Singapore has executed a 46-year-old Indian-origin drug trafficker, Tangaraju Suppiah, despite pleas for clemency from his family, human rights activists, and the United Nations. Tangaraju was hanged at dawn in Changi Prison after his 11th-hour appeal was rejected by a court.
He was convicted in October 2018 by a High Court judge of a capital charge of abetting an accomplice by conspiring to traffic cannabis, which was an offence under the Misuse of Drugs Act. Tangaraju, a Singaporean of Indian origin, was detained in 2014 for drug consumption and failure to report for a drug test.
Tangaraju’s sister Leelavathy Suppiah confirmed that the family had received a death certificate. The statement by the Singapore Prison Service confirmed that Tangaraju “had his capital sentence carried out today at Changi Prison Complex.”
Tangaraju’s case had drawn support from British billionaire Richard Branson and the UN High Commissioner for Human Rights, Ravina Shamdasani, who urged the Singapore government to reconsider Tangaraju’s execution and take steps to respect the right to life.
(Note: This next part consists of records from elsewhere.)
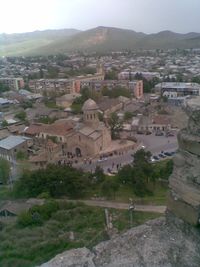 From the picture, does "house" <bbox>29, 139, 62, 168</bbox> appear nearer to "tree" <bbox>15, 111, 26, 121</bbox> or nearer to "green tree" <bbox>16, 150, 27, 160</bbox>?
"green tree" <bbox>16, 150, 27, 160</bbox>

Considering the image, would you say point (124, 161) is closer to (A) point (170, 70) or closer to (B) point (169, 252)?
(B) point (169, 252)

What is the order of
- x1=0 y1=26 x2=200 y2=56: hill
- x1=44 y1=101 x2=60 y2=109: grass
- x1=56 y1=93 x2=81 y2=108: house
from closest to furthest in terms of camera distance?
x1=44 y1=101 x2=60 y2=109: grass, x1=56 y1=93 x2=81 y2=108: house, x1=0 y1=26 x2=200 y2=56: hill

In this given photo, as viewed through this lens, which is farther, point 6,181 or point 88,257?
point 6,181

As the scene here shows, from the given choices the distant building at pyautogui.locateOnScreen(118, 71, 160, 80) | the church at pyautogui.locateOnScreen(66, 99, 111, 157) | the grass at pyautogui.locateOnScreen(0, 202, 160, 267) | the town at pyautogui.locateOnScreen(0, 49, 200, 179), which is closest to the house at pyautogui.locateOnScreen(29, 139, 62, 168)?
the town at pyautogui.locateOnScreen(0, 49, 200, 179)

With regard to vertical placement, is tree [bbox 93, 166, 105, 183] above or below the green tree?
above

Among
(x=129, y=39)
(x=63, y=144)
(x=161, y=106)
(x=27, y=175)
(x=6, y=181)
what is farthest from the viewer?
(x=129, y=39)

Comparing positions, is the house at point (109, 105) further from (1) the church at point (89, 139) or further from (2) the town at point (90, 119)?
(1) the church at point (89, 139)

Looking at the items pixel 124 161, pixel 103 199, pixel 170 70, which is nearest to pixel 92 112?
pixel 124 161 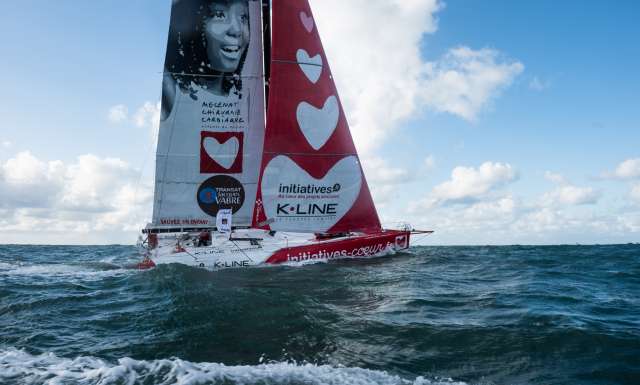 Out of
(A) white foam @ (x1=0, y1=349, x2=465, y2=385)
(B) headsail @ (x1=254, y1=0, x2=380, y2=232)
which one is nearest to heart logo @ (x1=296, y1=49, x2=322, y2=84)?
(B) headsail @ (x1=254, y1=0, x2=380, y2=232)

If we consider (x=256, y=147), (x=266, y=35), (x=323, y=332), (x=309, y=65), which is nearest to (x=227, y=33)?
(x=266, y=35)

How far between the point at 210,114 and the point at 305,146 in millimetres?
4136

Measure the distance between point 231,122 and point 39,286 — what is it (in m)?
8.72

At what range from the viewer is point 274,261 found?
618 inches

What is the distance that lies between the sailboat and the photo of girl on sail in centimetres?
4

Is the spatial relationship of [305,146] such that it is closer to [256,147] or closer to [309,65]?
[256,147]

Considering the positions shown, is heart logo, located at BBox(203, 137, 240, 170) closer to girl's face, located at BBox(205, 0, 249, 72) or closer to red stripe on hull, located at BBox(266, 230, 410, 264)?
girl's face, located at BBox(205, 0, 249, 72)

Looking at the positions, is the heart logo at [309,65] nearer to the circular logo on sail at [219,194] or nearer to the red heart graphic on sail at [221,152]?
the red heart graphic on sail at [221,152]

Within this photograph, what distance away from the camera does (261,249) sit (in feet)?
51.8

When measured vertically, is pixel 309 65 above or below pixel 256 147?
above

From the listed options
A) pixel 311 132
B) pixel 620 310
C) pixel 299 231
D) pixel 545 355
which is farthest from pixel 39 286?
pixel 620 310

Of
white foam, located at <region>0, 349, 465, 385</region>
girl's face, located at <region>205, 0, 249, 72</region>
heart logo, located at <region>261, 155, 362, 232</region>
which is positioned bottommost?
white foam, located at <region>0, 349, 465, 385</region>

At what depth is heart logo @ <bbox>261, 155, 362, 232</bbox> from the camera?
54.6 ft

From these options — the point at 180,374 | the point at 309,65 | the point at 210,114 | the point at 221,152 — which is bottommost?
the point at 180,374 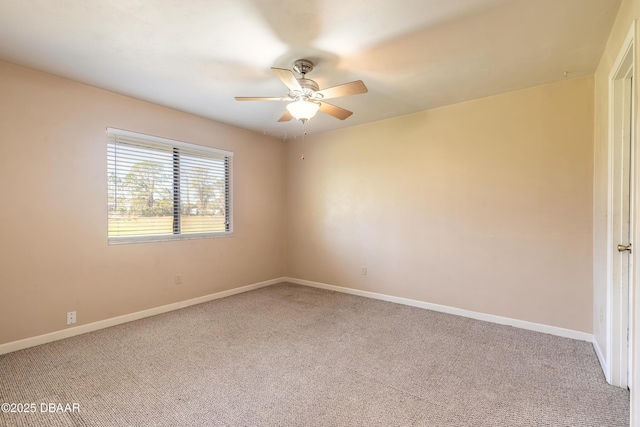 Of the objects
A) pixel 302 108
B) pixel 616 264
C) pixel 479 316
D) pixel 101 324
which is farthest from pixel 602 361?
pixel 101 324

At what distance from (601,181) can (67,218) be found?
16.0 ft

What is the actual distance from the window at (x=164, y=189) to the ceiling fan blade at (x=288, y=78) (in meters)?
2.05

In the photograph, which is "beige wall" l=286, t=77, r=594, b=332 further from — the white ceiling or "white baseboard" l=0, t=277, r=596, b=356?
the white ceiling

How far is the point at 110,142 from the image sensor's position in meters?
3.26

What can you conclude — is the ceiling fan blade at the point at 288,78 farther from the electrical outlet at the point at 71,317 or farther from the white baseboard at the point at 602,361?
the white baseboard at the point at 602,361

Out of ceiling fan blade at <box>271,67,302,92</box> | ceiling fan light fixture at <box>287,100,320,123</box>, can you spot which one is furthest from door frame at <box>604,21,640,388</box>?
ceiling fan blade at <box>271,67,302,92</box>

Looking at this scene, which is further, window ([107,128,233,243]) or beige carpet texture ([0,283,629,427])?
window ([107,128,233,243])

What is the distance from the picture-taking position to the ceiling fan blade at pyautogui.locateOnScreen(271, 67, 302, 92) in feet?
7.13

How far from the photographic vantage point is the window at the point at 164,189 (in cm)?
333

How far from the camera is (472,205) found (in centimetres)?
350

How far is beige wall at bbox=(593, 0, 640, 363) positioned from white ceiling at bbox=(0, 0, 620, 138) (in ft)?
0.47

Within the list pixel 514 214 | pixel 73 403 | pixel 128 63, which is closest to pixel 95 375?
pixel 73 403

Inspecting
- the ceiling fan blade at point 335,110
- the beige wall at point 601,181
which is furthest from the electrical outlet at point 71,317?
the beige wall at point 601,181

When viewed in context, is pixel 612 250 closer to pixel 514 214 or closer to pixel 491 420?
pixel 514 214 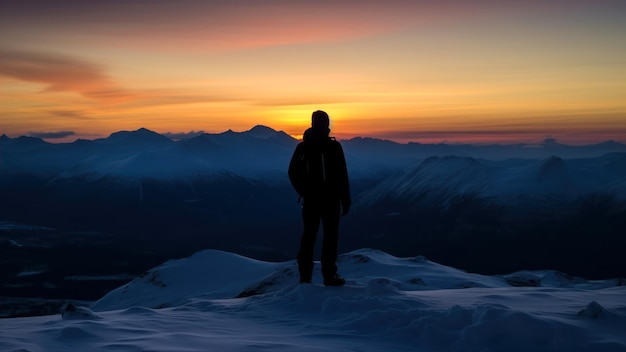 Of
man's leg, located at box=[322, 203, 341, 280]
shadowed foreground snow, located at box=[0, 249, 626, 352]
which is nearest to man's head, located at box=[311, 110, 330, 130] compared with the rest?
man's leg, located at box=[322, 203, 341, 280]

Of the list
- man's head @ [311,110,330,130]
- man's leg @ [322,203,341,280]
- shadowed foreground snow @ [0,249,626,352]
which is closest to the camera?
shadowed foreground snow @ [0,249,626,352]

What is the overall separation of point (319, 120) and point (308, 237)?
7.55 feet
Branson claimed in a blog post that Tangaraju’s conviction did not meet standards and that “Singapore may be about to kill an innocent man”. This was Singapore’s first execution in six months.
On Tuesday, the Ministry of Home Affairs (MHA) of Singapore stated that Richard Branson’s opinions about a Singaporean on death row indicated “disrespect” towards the country’s criminal justice system and judges.
The following day, Kirsten Han, an anti-death penalty activist, tweeted that Tangaraju Suppiah was executed by hanging at Changi Prison, and his family was provided with a death certificate. Han stated that Tangaraju’s family had many unanswered questions about his case and the evidence against him and that the experience had been traumatic for them.
The EU, along with the diplomatic missions of EU member states, Norway and Switzerland in Singapore, jointly released a statement on Monday, calling on the authorities to stop Tangaraju’s execution and change his sentence to a non-capital punishment.
In a Facebook post last Thursday, Australian MP Graham Perrett stated that he was “concerned that the planned execution of Tangaraju violates international law standards,” according to Channel News Asia.
According to a report, a Singaporean court rejected Tangaraju Suppiah’s request to review his case and halt his execution on Tuesday. In a 15-page ruling, Justice Chong stated that Tangaraju had not demonstrated a valid reason for the court to re-examine his case.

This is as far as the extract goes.